Greetings,
On 03/09/2016 04:28 PM, matt wrote:
Yes. Regarding the different times, I've made some
editing in order to avoid exposing some information
about our endpoints/ip addresses, but they are
normal times.
Okay, just wanted to ensure that you expected a wide variety of times,
as seeing them for the first time in the logs when looking for another
issue can confuse debugging (or could indicate another issue to be
tracked down).
Besides from that, sounds great. I'll collect
some data tonight (im trying not to do this
now since our traffic is really high)
I'm thinking about requests being queued due to
the maxconn parameter (I have a global maxconn
of 4000, and a default of 3000).
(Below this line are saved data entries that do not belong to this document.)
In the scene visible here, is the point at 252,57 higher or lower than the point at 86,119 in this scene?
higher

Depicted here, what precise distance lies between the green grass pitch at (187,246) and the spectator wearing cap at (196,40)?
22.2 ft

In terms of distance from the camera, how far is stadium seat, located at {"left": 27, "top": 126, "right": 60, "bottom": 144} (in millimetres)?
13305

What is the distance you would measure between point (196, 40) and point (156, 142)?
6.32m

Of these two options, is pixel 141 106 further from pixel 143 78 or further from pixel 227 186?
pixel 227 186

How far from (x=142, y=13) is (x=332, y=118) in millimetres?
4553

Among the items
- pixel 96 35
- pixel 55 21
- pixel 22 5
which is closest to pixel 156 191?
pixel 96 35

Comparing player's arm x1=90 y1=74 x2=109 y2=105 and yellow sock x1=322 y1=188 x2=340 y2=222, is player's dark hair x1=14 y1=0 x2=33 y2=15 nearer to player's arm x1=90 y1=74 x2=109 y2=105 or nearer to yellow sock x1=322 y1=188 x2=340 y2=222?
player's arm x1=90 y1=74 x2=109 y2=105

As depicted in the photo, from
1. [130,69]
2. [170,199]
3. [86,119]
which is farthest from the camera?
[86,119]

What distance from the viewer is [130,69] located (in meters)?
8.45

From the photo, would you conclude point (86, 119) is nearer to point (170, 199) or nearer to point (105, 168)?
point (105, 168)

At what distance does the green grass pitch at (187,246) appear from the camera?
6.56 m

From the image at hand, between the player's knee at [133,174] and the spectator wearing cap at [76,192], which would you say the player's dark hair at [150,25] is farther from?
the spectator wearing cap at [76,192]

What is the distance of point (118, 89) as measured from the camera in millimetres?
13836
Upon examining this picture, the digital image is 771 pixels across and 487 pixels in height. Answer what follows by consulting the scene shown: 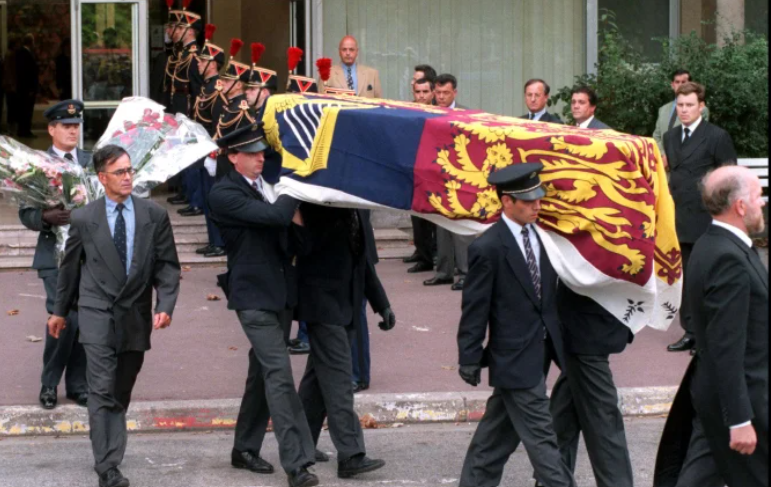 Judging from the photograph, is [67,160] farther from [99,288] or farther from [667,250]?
[667,250]

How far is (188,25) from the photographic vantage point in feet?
48.9

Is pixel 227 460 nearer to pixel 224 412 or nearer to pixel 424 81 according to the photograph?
pixel 224 412

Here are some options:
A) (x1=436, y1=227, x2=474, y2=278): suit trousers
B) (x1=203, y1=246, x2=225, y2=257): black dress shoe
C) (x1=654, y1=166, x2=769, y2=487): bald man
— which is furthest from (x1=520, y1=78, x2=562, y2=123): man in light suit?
(x1=654, y1=166, x2=769, y2=487): bald man

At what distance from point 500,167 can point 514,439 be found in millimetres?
1375

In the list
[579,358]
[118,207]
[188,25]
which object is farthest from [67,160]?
[188,25]

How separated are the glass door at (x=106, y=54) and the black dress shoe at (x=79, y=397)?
7.50m

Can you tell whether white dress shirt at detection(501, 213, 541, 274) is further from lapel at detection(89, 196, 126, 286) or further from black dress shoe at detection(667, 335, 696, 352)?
black dress shoe at detection(667, 335, 696, 352)

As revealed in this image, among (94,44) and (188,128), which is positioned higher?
(94,44)

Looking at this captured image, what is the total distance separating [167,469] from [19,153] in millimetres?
2218

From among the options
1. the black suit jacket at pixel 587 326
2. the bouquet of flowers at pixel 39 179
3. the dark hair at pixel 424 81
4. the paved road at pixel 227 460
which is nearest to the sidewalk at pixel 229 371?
the paved road at pixel 227 460

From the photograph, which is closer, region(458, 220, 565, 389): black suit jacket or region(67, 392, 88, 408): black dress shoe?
region(458, 220, 565, 389): black suit jacket

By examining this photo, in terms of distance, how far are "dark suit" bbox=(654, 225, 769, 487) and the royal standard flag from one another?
837mm

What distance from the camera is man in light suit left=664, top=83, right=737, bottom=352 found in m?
10.1

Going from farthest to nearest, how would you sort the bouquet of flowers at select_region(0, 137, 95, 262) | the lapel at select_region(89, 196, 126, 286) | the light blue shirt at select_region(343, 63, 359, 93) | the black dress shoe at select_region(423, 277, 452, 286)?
the light blue shirt at select_region(343, 63, 359, 93) → the black dress shoe at select_region(423, 277, 452, 286) → the bouquet of flowers at select_region(0, 137, 95, 262) → the lapel at select_region(89, 196, 126, 286) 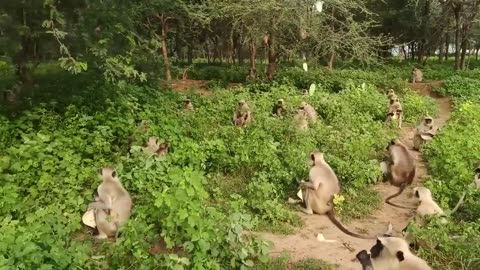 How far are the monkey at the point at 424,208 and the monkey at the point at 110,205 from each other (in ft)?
12.2

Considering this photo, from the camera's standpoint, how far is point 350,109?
45.1 feet

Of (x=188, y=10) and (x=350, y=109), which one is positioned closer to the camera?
(x=350, y=109)

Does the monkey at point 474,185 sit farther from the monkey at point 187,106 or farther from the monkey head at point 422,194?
the monkey at point 187,106

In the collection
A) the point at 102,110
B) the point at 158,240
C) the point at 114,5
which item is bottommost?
the point at 158,240

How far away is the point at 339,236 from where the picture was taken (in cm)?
695

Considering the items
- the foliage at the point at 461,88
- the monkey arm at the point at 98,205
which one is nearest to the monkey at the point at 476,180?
the monkey arm at the point at 98,205

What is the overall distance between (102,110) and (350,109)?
6876 mm

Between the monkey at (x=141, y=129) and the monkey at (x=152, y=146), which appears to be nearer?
the monkey at (x=152, y=146)

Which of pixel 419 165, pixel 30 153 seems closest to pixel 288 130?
pixel 419 165

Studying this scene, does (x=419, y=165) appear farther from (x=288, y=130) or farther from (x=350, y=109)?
(x=350, y=109)

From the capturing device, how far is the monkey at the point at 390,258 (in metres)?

Could this be the
case? I'll take a look at haproxy stats too to see if
any of the limits is reached when the app is being
deployed
As HAProxy won't accept a connection if the global maxconn is reached
(until a slot opens up), the timings wouldn't show anything interesting
in that case (though with the logs looking normal and things still being
slow that would be the next item to be examined).
If a backend's servers are all at maxconn then the request will be
queued, and it will show up in the second timing column (Tq).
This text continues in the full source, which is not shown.